Configuring a Content Security Policy

Content security policy (also called CSP) is a layer of security that helps to detect and mitigate certain types of attacks on web application. It mainly helps for cross-site scripting, code injections and https only.

You can find additional information on this standard there:

The functioning of CSP is really simple. The server adds a header in the web document response that will tell the browser where it can load resources and how to behave with these resources.

The headers have to respect a given structure, you can find some specifications on this header there: CSP header specification

It is composed of a list of policy directives and has the following form:

Content-Security-Policy: <first-policy-directive>; <second-policy-directive>; <etc>

Each policy directive is composed of a directive name and some values.

The following figure illustrates a basic example of CSP header:

Content-Security-Policy: default-src "self" https: ; object-src "none"

The blue squares highlight two policy directives, the green squares highlight the directive names, and the yellow squares highlight the values.
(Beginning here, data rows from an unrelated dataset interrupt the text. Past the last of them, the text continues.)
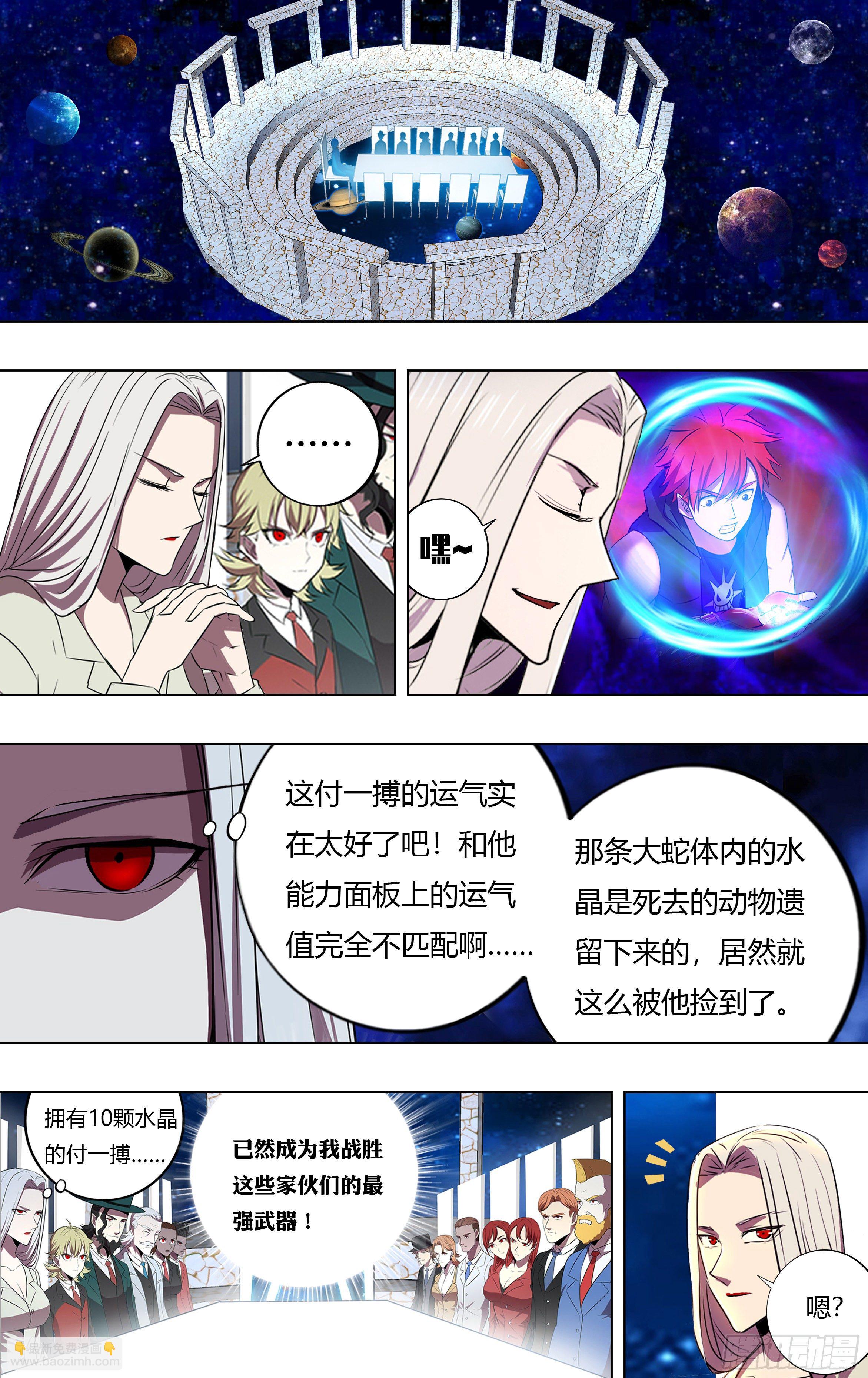 🍸怪物领域 第210话（开挂了！） 第3页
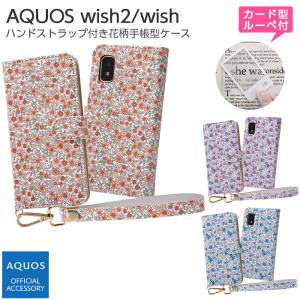 AQUOS wish2 wish 2 ケース SH-51C SHG06 手帳型 ストラップ 耐衝撃 手帳型ケース 手帳 カバー AQUOSwish アクオス スマホケース カードポケット ルーペ付 花柄｜white-bang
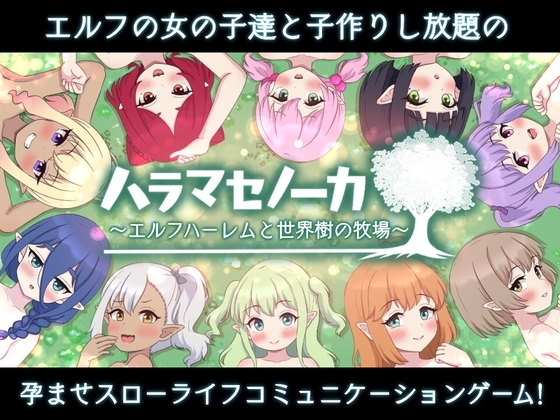 新作[日式RPG/经营后宫/动态] 世界树牧场：精灵传承 ハラマセノーカ～エルフハーレムと世界樹の牧場～ V1.1 官中步兵版+存档 [1.30G]-爱玩ACG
For an application built on top of the Platform, a default configuration is provided for the CSP header. If you need to customize it, it can be achieved in the Gateway extension.

A typical case in which the CSP header needs to be customized is when you develop a graphical widget that consumes external resources like icons, fonts, etc.

The configuration is done in the following file: extensions/gateway-service-extension/config/application.yml

Note:

Note that Safari does not handle the CSP header in the same way as other browsers, like Chrome, Firefox or Edge. In order for the web notifications to work properly, you will have to add the base web socket URL among the values of the "default-src" directive policy.

For an application accessible via the URL https://my-application.io , you need to add the value wss://my-application.io to the policy-directive default-src.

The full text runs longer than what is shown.